▶ _EXERCISE_
Your answer should hold every line of the records below that contains the string "Adventure".

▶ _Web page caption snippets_
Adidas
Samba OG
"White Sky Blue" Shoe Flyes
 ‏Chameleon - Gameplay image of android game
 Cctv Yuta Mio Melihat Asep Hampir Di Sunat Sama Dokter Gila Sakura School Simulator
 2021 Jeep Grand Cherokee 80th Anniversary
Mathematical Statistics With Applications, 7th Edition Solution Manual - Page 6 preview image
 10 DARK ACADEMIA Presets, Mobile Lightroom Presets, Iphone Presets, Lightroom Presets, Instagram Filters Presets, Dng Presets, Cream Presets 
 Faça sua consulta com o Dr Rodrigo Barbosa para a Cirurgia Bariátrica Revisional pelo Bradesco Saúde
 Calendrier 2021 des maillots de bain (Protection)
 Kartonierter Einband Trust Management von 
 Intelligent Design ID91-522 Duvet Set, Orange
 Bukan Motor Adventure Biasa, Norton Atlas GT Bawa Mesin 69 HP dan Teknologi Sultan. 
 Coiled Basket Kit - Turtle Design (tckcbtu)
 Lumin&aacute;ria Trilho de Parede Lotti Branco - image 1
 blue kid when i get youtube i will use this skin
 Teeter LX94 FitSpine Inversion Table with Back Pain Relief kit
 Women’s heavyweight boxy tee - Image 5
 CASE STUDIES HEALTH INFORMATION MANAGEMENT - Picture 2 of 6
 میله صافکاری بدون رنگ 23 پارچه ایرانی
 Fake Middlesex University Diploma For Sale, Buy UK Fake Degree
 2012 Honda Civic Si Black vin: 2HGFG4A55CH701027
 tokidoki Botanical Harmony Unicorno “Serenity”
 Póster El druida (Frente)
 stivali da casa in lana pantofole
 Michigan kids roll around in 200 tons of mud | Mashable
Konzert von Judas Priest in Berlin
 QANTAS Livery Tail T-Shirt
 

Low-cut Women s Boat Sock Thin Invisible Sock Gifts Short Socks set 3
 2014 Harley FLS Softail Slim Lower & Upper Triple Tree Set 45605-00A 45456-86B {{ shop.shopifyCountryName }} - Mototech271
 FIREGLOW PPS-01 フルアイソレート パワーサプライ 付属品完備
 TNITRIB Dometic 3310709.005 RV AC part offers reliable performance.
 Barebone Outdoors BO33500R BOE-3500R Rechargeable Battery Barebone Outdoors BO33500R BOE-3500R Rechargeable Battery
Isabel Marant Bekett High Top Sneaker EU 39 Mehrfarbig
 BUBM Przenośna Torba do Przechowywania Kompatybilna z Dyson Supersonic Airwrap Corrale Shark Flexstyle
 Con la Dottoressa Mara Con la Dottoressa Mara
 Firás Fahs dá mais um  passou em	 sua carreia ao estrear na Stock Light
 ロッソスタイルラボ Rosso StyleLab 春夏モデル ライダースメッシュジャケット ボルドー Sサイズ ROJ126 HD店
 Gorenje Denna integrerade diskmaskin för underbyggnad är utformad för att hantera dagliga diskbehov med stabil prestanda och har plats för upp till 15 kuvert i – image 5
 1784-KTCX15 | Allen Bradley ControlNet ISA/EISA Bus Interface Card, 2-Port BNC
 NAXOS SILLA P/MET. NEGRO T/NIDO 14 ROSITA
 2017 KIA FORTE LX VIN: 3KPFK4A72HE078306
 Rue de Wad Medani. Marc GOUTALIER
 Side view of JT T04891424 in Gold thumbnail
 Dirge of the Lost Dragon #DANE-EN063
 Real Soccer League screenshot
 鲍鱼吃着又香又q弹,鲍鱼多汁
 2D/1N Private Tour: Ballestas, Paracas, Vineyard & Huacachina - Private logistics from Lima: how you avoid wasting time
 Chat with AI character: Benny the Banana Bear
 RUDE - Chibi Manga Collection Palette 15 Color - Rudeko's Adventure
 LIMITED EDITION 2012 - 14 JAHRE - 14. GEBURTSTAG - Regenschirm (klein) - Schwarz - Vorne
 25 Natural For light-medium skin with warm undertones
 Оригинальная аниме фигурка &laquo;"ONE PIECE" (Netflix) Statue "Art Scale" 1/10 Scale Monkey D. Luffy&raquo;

▶ _WRITTEN RESPONSE_
 Bukan Motor Adventure Biasa, Norton Atlas GT Bawa Mesin 69 HP dan Teknologi Sultan. 
 RUDE - Chibi Manga Collection Palette 15 Color - Rudeko's Adventure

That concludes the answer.